Me dan bastante asco los juicios en blanco y negro. Un juez, per se, debería alejarse de los mismos, y aplicar al dedillo esa parte de la ley que le ofrecen los atenuantes y los agravantes, donde encaja la subjetividad que todos cargamos, pero, en este caso, en pos de esa inalcanzable objetividad de su difícil trabajo.

Así pues, recelé del vídeo de turno, y, cuando lo había visto, seguí recelando largo rato, pese a que, a grandes rasgos, a aquel hombre de mediana edad, estudios superiores y extenso currículo no le faltaba razón. Mi recelo surgía del sentimiento del mismo discurso, de esa idea tan propia de la deformación profesional que brota de ciertas actividades y que, en este caso, parece impulsar a nuestro interlocutor a sentar cátedra, a hacernos tragar su verdad, su discurso, pero siempre íntegro, y a pelo.

El juez Emilio Calatayud inundado de papelajos
El juez Emilio Calatayud inundado de papelajos.

Y esto es todo lo malo que puede decirse de una plática fragmentada de diez minutos que el juez granadino Emilio Calatayud ofrecía en el marco de un pacto por el menor y que Europa Press, con muy buen ojo, se encargó de compartir y publicitar: que era moralizante, porque la gente de a pie quiere productos íntegros que recoger e incorporar a su propia estructura de pensamiento, y no una ética voluble, y ampliable, y en constante formación, ¡que eso da mucha pereza!, y a ver si vamos a tener que pensar más de la cuenta, por lo que, incluso en el error, yo le atribuyo bondad.

El vídeo, que ofrecía el segmento de una conferencia en el hotel Guadacorte, presentaba al juez Calatayud, conocido por sus sentencias ejemplarizantes, hablando de ese decálogo para formar a un pequeño delincuente que tantas veces se le ha atribuido. También la falta de filtros, de espiritualidad —palabra que nos rechina, pero que no cuesta tanto darle la vuelta y llamarla educación ciudadana tampoco—, de responsabilidad, de complejo de culpa, de sacrificios… y los problemas que todo esto supone a familias de clase media y media alta en casos de futuros maltratos de hijos a padres.

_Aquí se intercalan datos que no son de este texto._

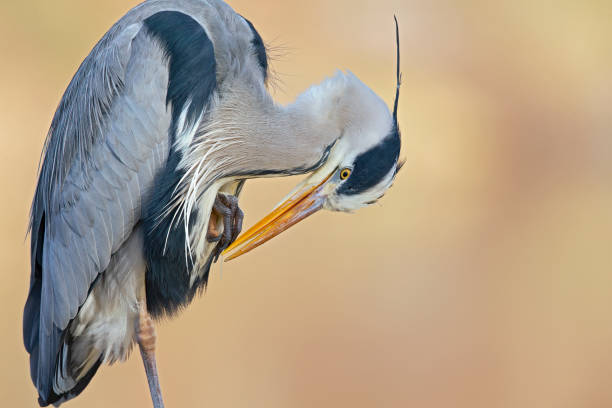 istock Portrait of a grey heron (Ardea cinerea) perched and preening in a harbor in Germany. 1342618496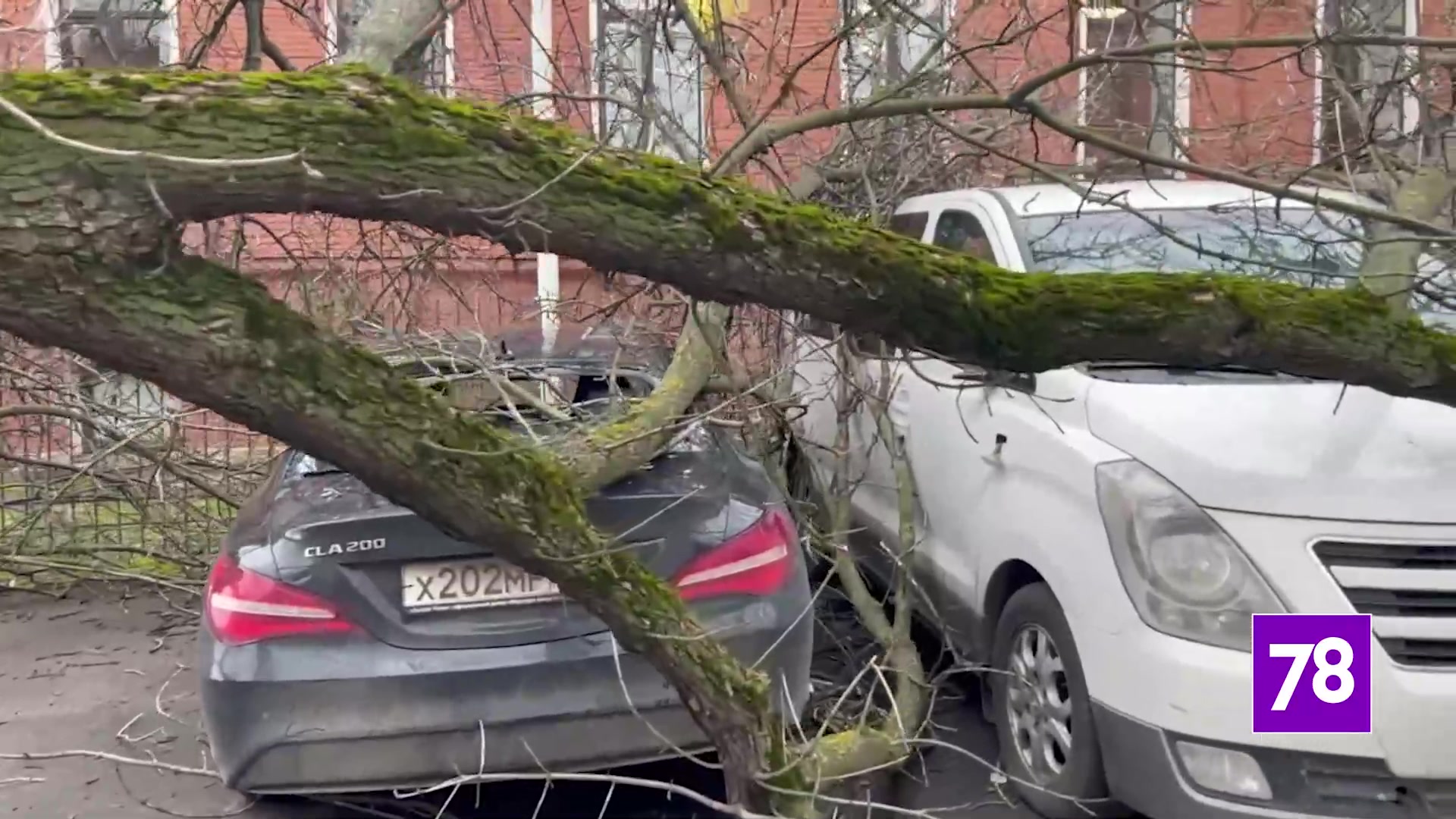 Дерево упало на автомобили в Адмиралтейском районе Петербурга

Hubo espacio para la crítica constructiva, por supuesto, que se evidencia, hoy, en una disminución de la delincuencia juvenil por tres grandes razones, según el juez: porque los jóvenes han vuelto a la escuela tras el ladrillazo (una anómala bondad que nos lega la crisis), porque las familias están aprendiendo a decir que «no a todo» y porque los políticos ya nos lo han robado todo.

Sin embargo, no faltaron las tres palmadas en la mesa que necesitaba el auditorio. La primera, la más espectacular de todas ellas, es la asunción (de una puñetera vez) de que tenemos complejos de joven democracia, y que allí donde más visible se muestra no es en la cómica, que no graciosa, imposibilidad de un pacto educativo entre los grandes partidos, sino en la aceptación por parte de todos de unos derechos y unos deberes del menor, primero, por parte de las familias, y, seguidamente, de las escuelas, que no les permita hacer abuso de sus derechos y dejadez de sus deberes. De hacer un pequeño esfuerzo por olvidar lo mal que lo pasó una generación entera y que es la culpable última de esperpentos como los padres colega, las madres helicóptero y la renuncia total al principio de autoridad en este país.

La defensa de un pacto que nos deja tres dictados por los que luchar: la felicidad actual y futura de los que nos vienen detrás, la asunción de una serie de deberes desde la infancia y la posibilidad de volver a hondear la bandera de la autoridad, que detrás no debería cargar más que con la obediencia, el respeto y el levantamiento de las cargas familiares según corresponda a cada uno de sus miembros, sin caer en el autoritarismo, que tanto nos asusta, pero que suele virar siempre  en dirección contraria. Por lo menos, en una amplia mayoría de los casos.